その自由を人間は神に従うことで行使することも、神に逆らうことで行使することもできるのです。
神は私たちに主体的に神の戒めに従うことを求めているのです。あやつり人形のように従うことを求めているのではないのです。
人間の歴史は神に従わない自由を行使する傾向を強くもった歴史であります。その結果様々な悪がこの世に生まれました。人間は悪であることを知りつつ、悪を行ってきたのです。
それは、アダムとエバがエデンの園の善悪を知る木の実を食べた結果、死が人間に入ってきたのですが、食べることによって善悪を知る者となったからです。善悪を知る者になって善を行うことをすればいいのですが、それがなかなかできないのが人間であります。悪いと知りつつしてしまうのが、人間であります。神はそのことを恐れました。また二人が命の木から実を取って食べて、永遠に生きる者となる
ことも恐れました。悪いことを多く行う人間が命の木から取って食べることで永遠に生きる者になるならば、平和なエデンの園が破壊されるのは、時間の問題です。神はそのことを恐れたのです。
破壊される前に神はアダムとエバを楽園から追放したのでした。
追放された二人は自由意志を剥奪されず、持ち続けます。その後の人間も神に逆らう方向で自由意志を行使することが多く、世の中が乱れます。そしてその延長線上に今日の世界の現状があります。
神の平和はなかなか到来しません。神に逆らう方向で自由意志を行使することで様々な憎悪の関係が、争いが、敵意、差別がこれまで生まれてきました。人間はそれらを未だ克服していません。
アダムとエバが責任を他者に転嫁することで生まれた溝や壁は今日においても克服されていません。
私たちはどうしたら克服できるのでしょうか。それは一重に主の十字架にあります。
人間の罪の歴史がたどり着いた先に主の十字架が立っています。この十字架を通ることなしには、私たちには神の平和は訪れません。主の十字架を前にして、私たちは今まで犯した罪を悔い改め、罪を贖われて、新たに出発するしかないのです。私たちは主の十字架に従う自由も、従わない自由ももっていますが、一体どちらに自由を行使するのでしょうか。人類の未来は、主イエスに従う自由を行使することにかかっているのです。

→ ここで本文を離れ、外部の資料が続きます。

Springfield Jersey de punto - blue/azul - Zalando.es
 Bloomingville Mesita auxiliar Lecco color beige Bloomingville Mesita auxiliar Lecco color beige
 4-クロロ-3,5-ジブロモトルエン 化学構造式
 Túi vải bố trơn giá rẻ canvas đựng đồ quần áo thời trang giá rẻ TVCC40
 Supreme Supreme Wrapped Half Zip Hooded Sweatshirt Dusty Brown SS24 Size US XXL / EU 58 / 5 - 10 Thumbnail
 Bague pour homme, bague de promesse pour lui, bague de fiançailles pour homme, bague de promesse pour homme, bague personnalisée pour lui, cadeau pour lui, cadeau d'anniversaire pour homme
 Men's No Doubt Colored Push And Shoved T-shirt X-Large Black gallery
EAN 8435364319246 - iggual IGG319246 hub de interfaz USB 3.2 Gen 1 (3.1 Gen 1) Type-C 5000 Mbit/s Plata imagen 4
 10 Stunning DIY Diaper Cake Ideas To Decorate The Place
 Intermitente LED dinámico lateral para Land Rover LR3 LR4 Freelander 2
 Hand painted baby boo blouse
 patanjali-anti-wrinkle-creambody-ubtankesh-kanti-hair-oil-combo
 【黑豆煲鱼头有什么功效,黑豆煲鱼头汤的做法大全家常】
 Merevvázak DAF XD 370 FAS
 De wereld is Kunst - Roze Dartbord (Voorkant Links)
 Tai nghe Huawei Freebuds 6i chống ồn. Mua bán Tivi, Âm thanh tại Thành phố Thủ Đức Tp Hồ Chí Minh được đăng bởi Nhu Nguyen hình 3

2013年02月03日「あなたがたは光の子」渡辺敏雄牧師

聖書箇所:テサロニケの信徒への手紙一、5章1~11節

説教要旨:
今日の箇所にはキリストの再臨のことが言われています。
再臨のことはイエスご自身が言われていることでもあり、確実に来るのですが、そのときがいつかは誰も分からないのです。いつ来るか分からないから目を覚ましていることが大切になります。
でも生理的にたえず目を覚ましていることは実際には無理です。
ですからこの箇所では、霊的に目を覚ましていることが言われているとみてよいと思います。
霊的に目を覚ましているとは、「主と共に生きる」(10節)ことと置き換えてもいいかと思います。
主と共に生きるとき、私たちは確実に光の子であります。なぜなら光であるキリストが私たちの内に住むからです。もしキリストと共に生きることができないなら、私たちは闇の子となってしまいます。
なぜなら光であるキリストを内に宿すことができず、私たちの心の内は闇のままであるからです。
私たちはキリストが内に住むことによって光の子とされますが、その光の子にも悪魔は襲ってきます。私たちを闇へと誘います。その悪魔の攻撃、誘惑に打ち勝つために私たちは「信仰と愛を胸当てとして着け、救いの希望を兜としてかぶる」(8節)ことが大切です。
信仰とはキリストへの信頼、愛とはキリストの愛、救いの希望とは御国の希望です。
これらのものをいつも身に着けて歩むことで、悪魔の攻撃や誘惑から私たちは守られるのです。
守られるだけでなく、光の子として内から光を発し輝き続けることができるのです。
世の光として機能していくのです。